Using Norms in the Interpretation of Test Results
As scientists in the field of psychology we seek to understand, predict and control human behaviour. In clinical, industrial and educational settings psychologists make attributions as to the cause, or likelihood, of behaviour based on evidence gathered from observational, interview, and assessment data.
Research into the process of making attributions and building theories or schema of people’s behaviours shows the process is fraught with difficulties, even with professionals involved (Meehl, 1954; Sawyer, 1966). Attributions are seldom made on the full range of available data as Heider (1958) or Kelly (1967) would have liked to believe. Difficulties include:
- characterising information on the basis of preexisting theories (Nisbett and Ross, 1980).
- extreme examples overly influencing judgements (Rothbart, Fulero, Jensen, Howard, & Birrell, 1978).
- people being unaware of the effects of small (Nisbett & Ross, 1980) or unrepresentative samples (Hamill, Wilson, & Nisbett, 1980).

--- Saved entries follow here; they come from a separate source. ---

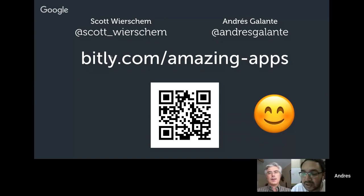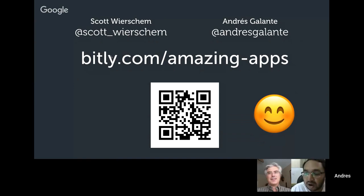Thank you everyone for listening to the presentation, and thank you Scott and Andres for your time — we really appreciate it. Happy birthday to Andres! Everyone in the chat is wishing you a happy birthday — it's your lucky day. After watching this presentation everyone will support Argentina, not Brazil! Thank you all, goodbye, and hopefully we'll meet again in the future with more interesting content.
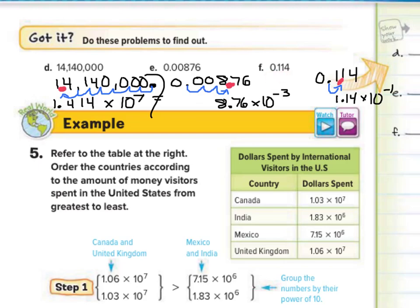To go from standard form to scientific notation: rewrite your numbers and count how many times you move the decimal. It's a positive exponent if your number is larger than 1, and a negative exponent if your number is between 0 and 1.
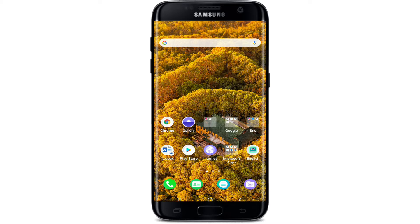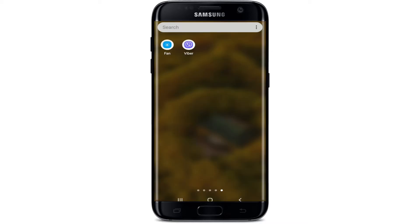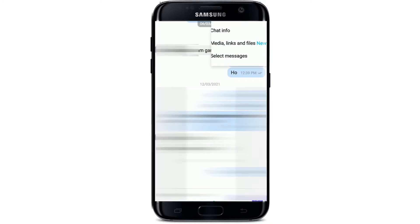If you want to block someone on Viber, go to your Viber application and tap it open. Make sure you're signed into your Viber, and once you are in your chat screen, select a chat that you want to block. Tap on the three dots at the upper right corner, which is also called an info button.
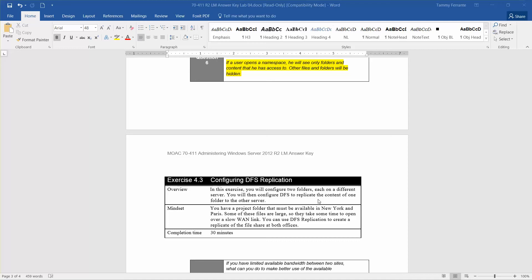Okay, this is Exercise 4.3, Configuring the DFS Replication, as covered in the Microsoft Official Academic Course, Administering Windows Server 2012 R2, Exam 70-411.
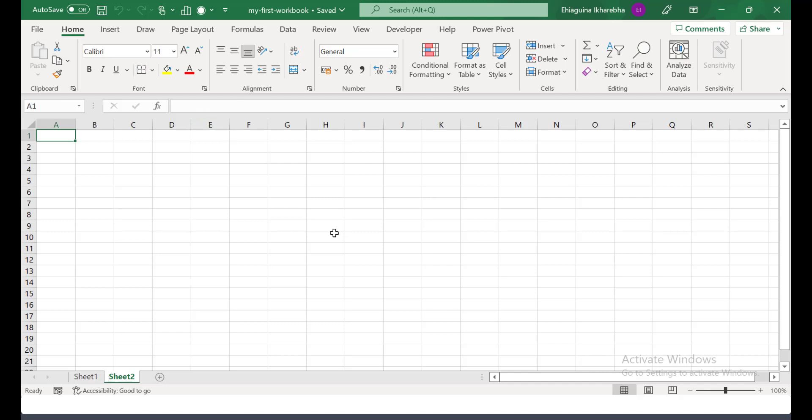Congratulations! You've been able to create your first workbook in Microsoft Excel. And if you look up here, you see the name of the workbook is My First Workbook and it contains sheet 1 and sheet 2.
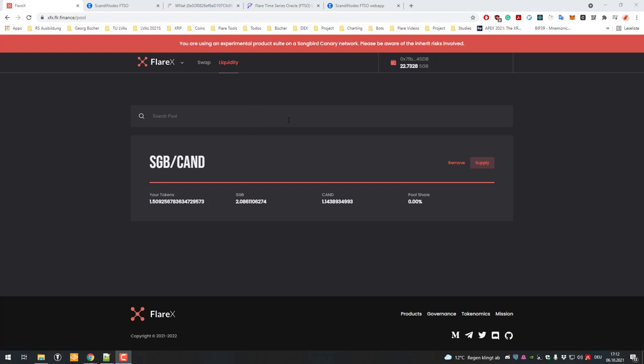Welcome! In this video I will show you how you can remove liquidity from the liquidity pool after you have provided some.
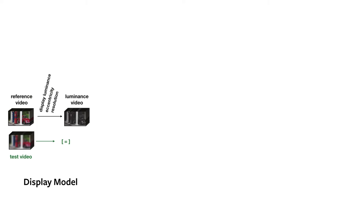Our goal is to design a full reference visual difference metric, so we always compare a test video to a reference. Since we operate on inputs described in physical units of luminance, our videos are first processed using a display model.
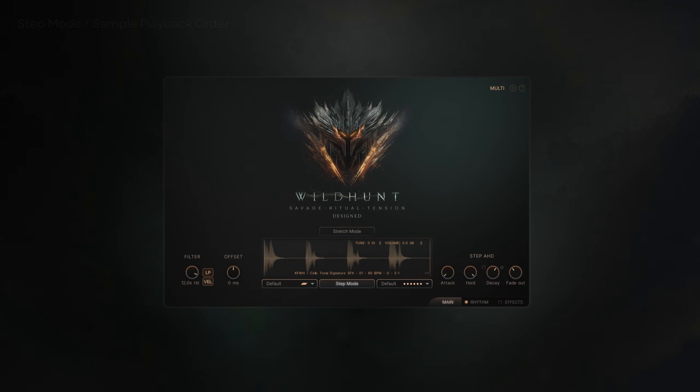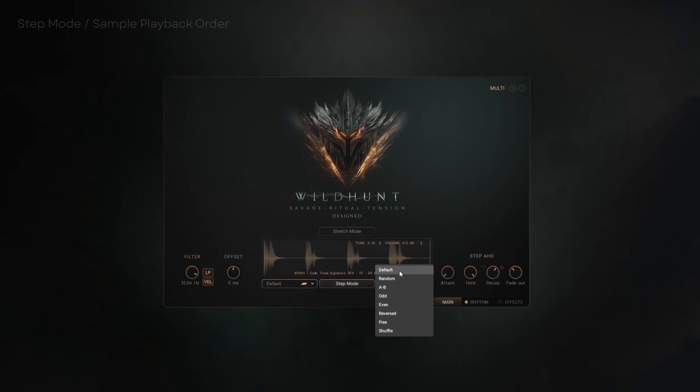Now let's control how the engine chooses slices, using the playback order settings. You'll find a drop-down with multiple modes.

- underutilising base rate information (Hamill et al., 1980).
Of all the problems of building our judgements about people the last point is arguably the easiest to control. Through using objective assessment techniques (after evaluation of the psychometric qualities of the tools) we can make judgements confident that the results are going to give a measure of the consistency of an individual’s behaviour (based on the reliability of the tool and validity of its predictions) and its uniqueness (based on the comparison of the result to appropriate groups).